> [What needs to be done]:
What follows is a set of records. Repeat every one of them exactly.

> [Data excerpts]:
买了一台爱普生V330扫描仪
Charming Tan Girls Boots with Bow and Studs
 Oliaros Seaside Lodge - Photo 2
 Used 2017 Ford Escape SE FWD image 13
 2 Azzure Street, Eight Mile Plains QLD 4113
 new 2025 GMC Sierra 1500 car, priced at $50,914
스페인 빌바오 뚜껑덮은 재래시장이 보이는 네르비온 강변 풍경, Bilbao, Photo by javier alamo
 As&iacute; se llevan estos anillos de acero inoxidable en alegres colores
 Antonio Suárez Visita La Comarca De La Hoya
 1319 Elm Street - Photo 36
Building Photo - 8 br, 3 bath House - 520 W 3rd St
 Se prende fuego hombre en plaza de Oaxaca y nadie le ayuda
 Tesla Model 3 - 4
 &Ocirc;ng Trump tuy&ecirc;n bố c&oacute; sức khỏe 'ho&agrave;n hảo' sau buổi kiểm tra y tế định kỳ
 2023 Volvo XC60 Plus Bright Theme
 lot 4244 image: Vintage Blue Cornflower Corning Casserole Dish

> [Reply to the exercise]:
买了一台爱普生V330扫描仪
Charming Tan Girls Boots with Bow and Studs
 Oliaros Seaside Lodge - Photo 2
 Used 2017 Ford Escape SE FWD image 13
 2 Azzure Street, Eight Mile Plains QLD 4113
 new 2025 GMC Sierra 1500 car, priced at $50,914
스페인 빌바오 뚜껑덮은 재래시장이 보이는 네르비온 강변 풍경, Bilbao, Photo by javier alamo
 As&iacute; se llevan estos anillos de acero inoxidable en alegres colores
 Antonio Suárez Visita La Comarca De La Hoya
 1319 Elm Street - Photo 36
Building Photo - 8 br, 3 bath House - 520 W 3rd St
 Se prende fuego hombre en plaza de Oaxaca y nadie le ayuda
 Tesla Model 3 - 4
 &Ocirc;ng Trump tuy&ecirc;n bố c&oacute; sức khỏe 'ho&agrave;n hảo' sau buổi kiểm tra y tế định kỳ
 2023 Volvo XC60 Plus Bright Theme
 lot 4244 image: Vintage Blue Cornflower Corning Casserole Dish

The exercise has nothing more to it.